:: Data for analysis ::
Start of Block
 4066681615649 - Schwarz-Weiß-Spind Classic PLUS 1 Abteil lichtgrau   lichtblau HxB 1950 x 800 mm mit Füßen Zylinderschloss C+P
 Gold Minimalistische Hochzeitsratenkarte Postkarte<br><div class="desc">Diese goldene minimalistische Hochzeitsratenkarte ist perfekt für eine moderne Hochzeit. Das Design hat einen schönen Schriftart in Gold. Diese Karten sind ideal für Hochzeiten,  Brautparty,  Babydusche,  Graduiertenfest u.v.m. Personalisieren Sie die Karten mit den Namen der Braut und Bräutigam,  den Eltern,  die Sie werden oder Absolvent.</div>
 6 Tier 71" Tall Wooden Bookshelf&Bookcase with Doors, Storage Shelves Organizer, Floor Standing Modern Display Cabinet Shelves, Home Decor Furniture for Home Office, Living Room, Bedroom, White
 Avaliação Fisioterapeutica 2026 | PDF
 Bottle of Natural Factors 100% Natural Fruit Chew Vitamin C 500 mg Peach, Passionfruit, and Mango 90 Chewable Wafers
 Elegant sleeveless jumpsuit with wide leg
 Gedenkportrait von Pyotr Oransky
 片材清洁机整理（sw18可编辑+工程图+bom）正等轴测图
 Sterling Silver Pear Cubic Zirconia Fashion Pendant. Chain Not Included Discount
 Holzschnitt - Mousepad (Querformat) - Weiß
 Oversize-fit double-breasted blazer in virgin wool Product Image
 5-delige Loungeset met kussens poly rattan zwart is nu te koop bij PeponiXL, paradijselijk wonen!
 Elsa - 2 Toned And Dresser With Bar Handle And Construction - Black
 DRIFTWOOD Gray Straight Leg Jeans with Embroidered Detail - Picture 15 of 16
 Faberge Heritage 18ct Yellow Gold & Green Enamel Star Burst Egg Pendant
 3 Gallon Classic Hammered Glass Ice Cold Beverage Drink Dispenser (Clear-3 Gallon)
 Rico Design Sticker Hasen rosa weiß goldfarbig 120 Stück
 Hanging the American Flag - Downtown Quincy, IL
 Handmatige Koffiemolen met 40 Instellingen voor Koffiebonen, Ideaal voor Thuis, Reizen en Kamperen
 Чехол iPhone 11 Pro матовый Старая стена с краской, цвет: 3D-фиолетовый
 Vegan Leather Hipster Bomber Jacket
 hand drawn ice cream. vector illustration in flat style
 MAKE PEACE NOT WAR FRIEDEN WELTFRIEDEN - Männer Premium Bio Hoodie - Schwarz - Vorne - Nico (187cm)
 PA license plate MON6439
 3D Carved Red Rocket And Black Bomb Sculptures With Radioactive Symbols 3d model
End of Block
:: Activity ::
Go line by line through the material above and return each one that includes "Pendant".

:: Exercise answer ::
 Sterling Silver Pear Cubic Zirconia Fashion Pendant. Chain Not Included Discount
 Faberge Heritage 18ct Yellow Gold & Green Enamel Star Burst Egg Pendant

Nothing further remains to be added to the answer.